The effect of doping MoSe2 by clusters of noble metals on its adsorption for NH3

Abstract

The development of industrial activities is associated with negative impacts on the quality of the environment including emission of hazardous gases. Therefore, it is critical to produce sensitive and selective gas detectors in order to monitor and maintain its good quality. This work investigates the effect of noble metal doping of MoSe2 on its adsorption of ammonia (NH3) gas. Pristine and noble metal doped MoSe2 structures are examined computationally using density functional theory (DFT). Clusters of timers of each Pt, Au, and Ag along with their combination are utilized for doping.
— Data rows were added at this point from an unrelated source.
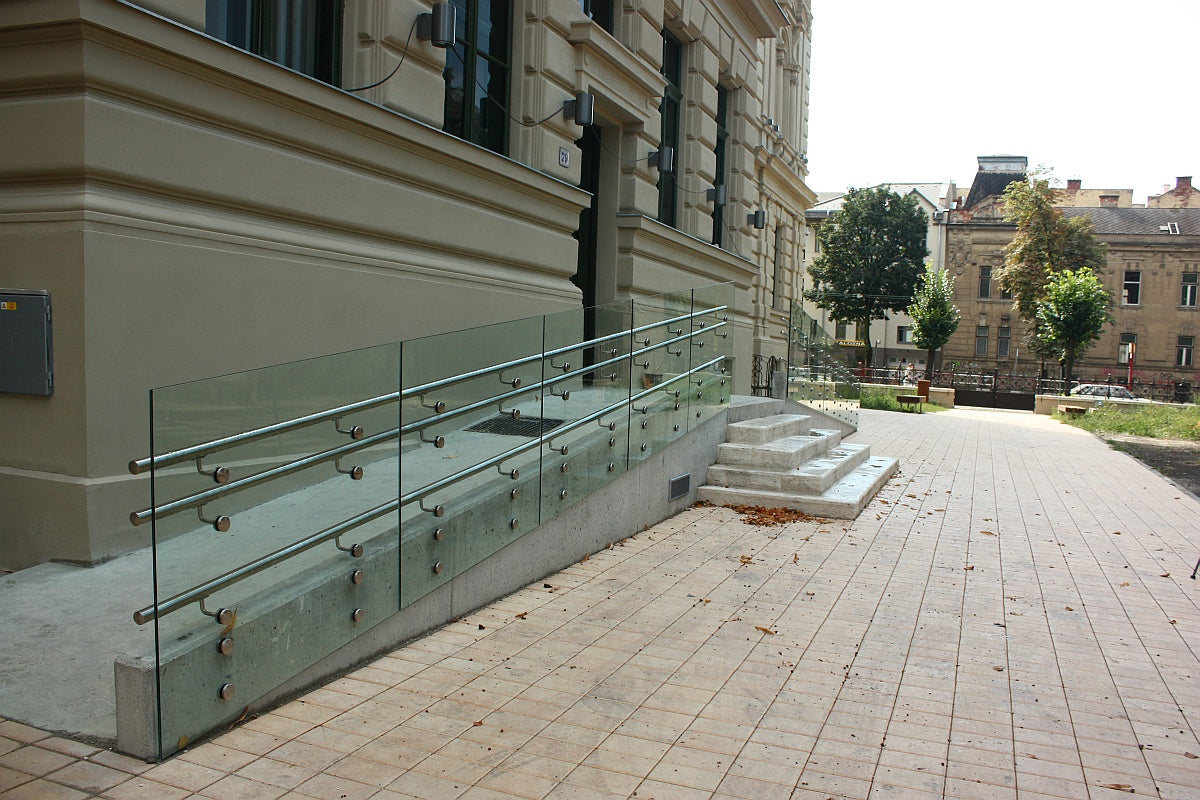 Round glass clamp model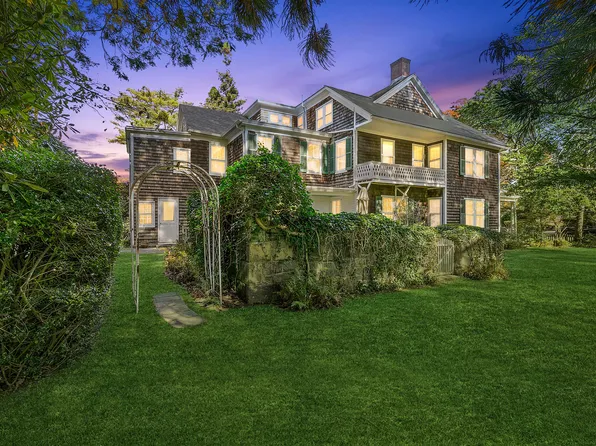 137 Main St, East Hampton, NY 11937
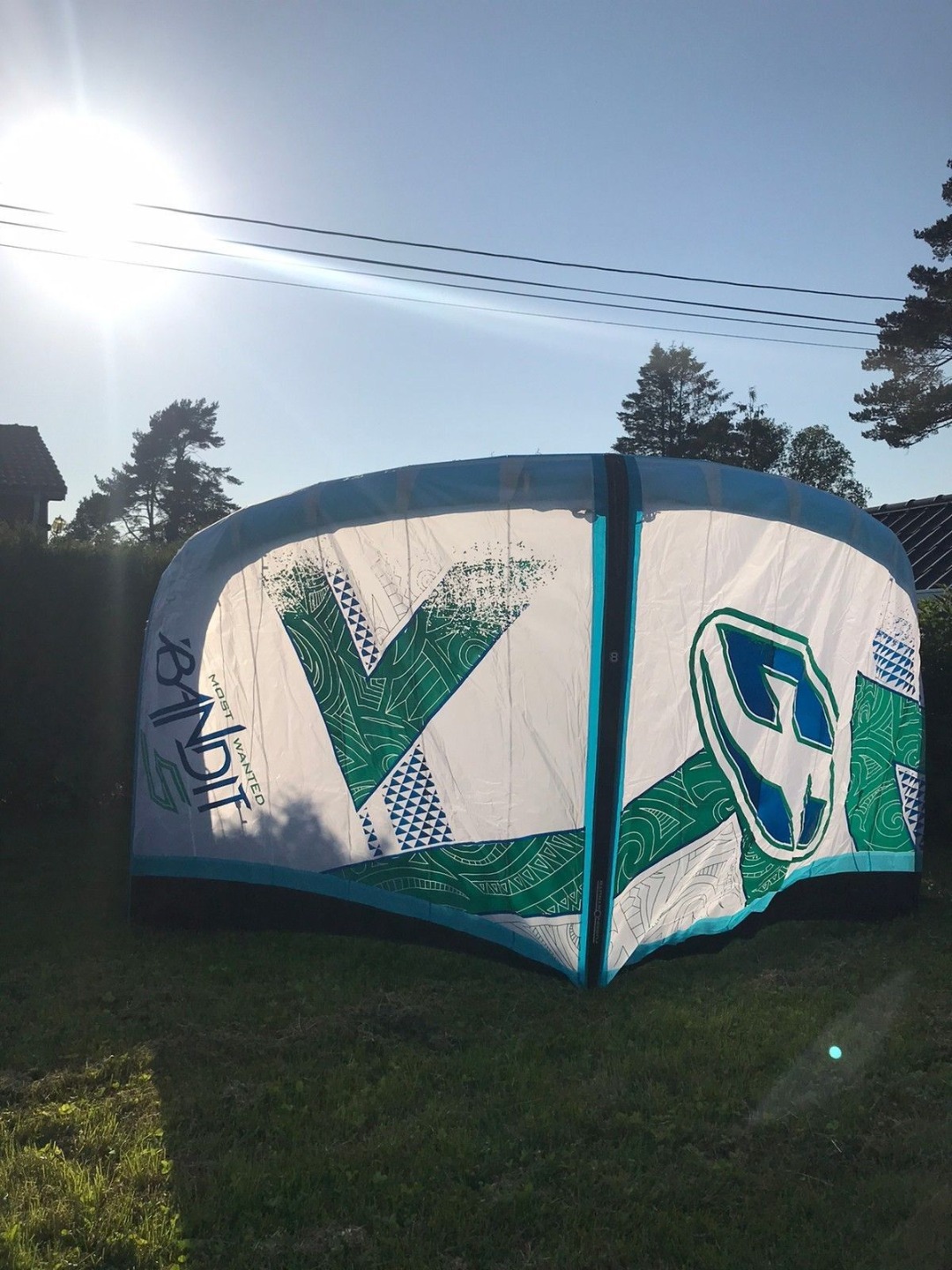 Kitesurfing utstyr leies ut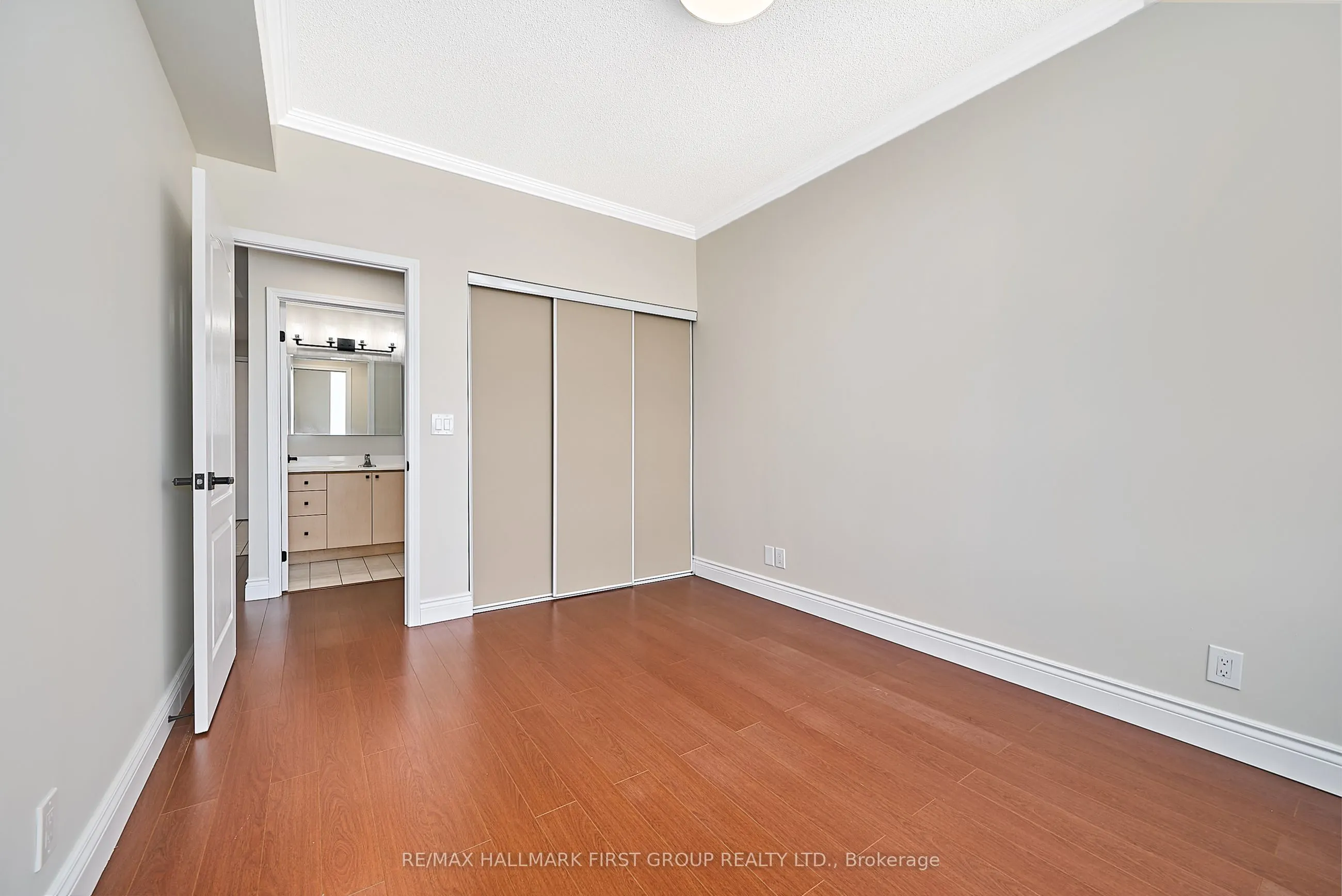 1000 The Esplanade Road N, #1716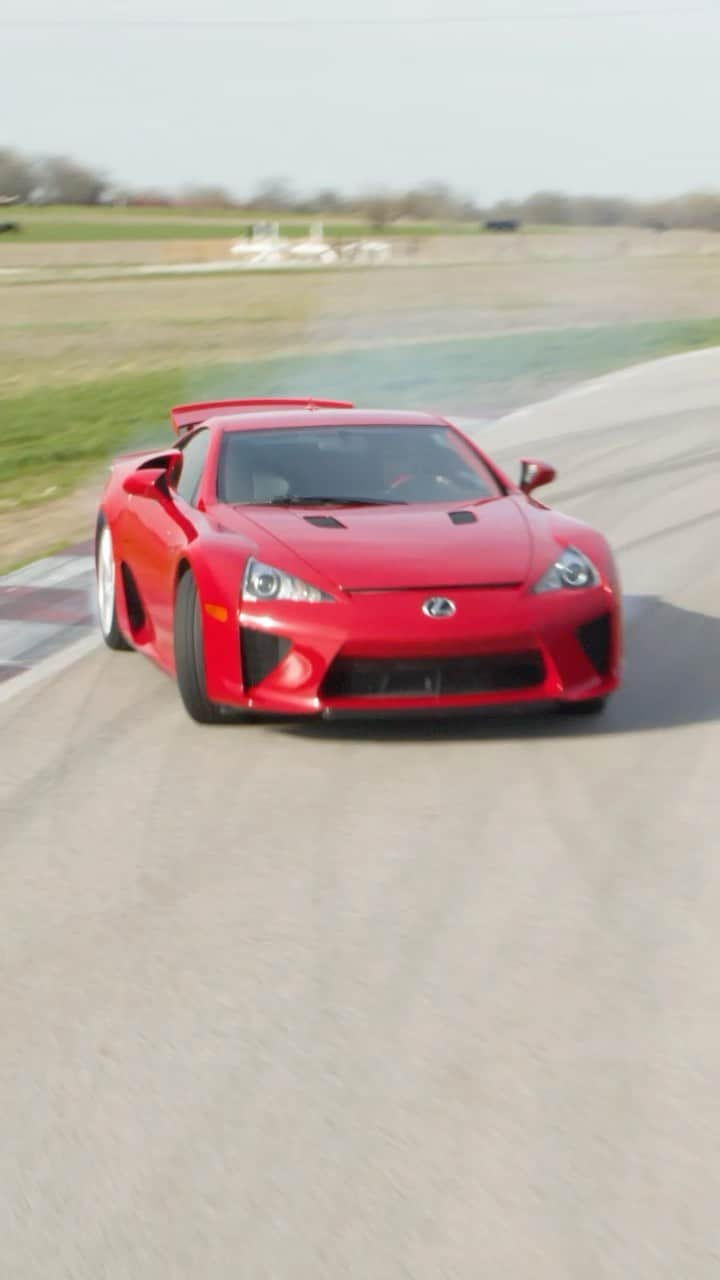 Lexus USAのインスタグラム：「Everything sounds better with the pedal to the metal. #LexusLFA #TBT」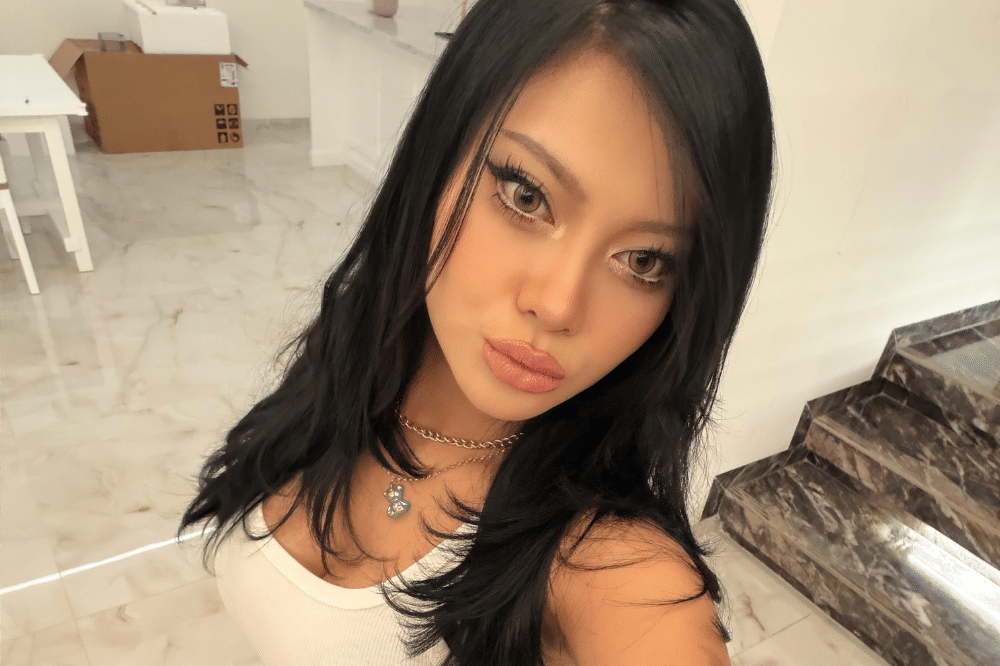 Sentuhan glitter untuk tampil mewah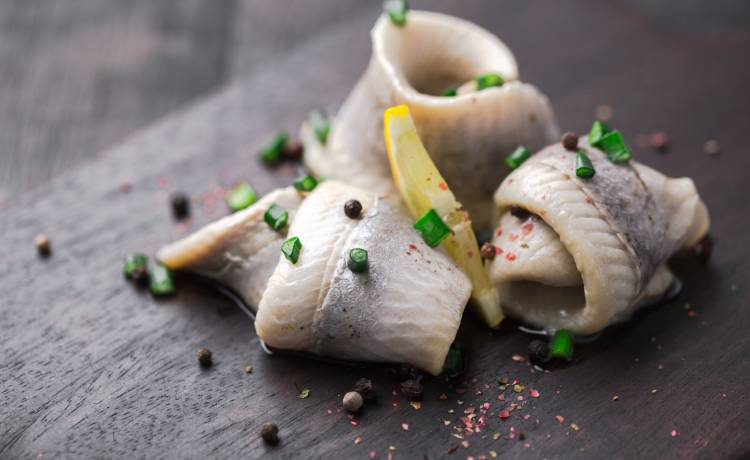 GIS wycofuje z obrotu śledzie. Ich spożycie grozi listeriozą!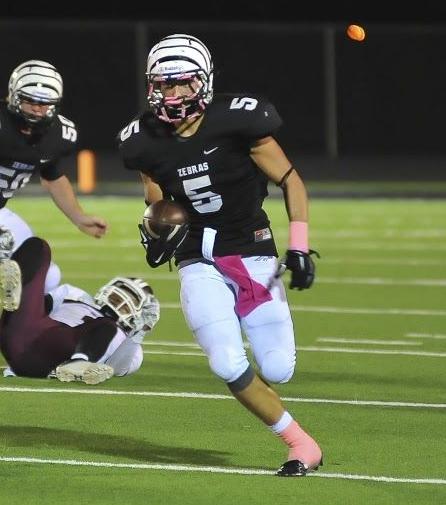 Grandview S Breton Fauver Pitching In For Hardin Simmons Football Sports Cleburnetimesreview Com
The influence of doping MoSe2 structure on its adsorption energy and distance of NH3 gas, density of states (DOS), charge transfer between NH3 and the MoSe2 structures, and band structure is explored. When compared to the pristine structure, the doped MoSe2 structures reveal significant changes in electronic characteristics that are reflected on the DOS and band structures. New energy bands have evolved near to the Fermi level because of modifying the MoSe2 structure. The adsorption capacity of the doped structures is greatly enhanced due to incorporation of noble metals. Herein, the magnitude of adsorption energy increases and the adsorption distance deceases for NH3 gas. Consequently, the sensitivity is improved in comparison to the pristine structure. This study shows that noble metal doping of MoSe2 by clusters of trimers can be a useful approach for developing sensitive NH3 gas detectors.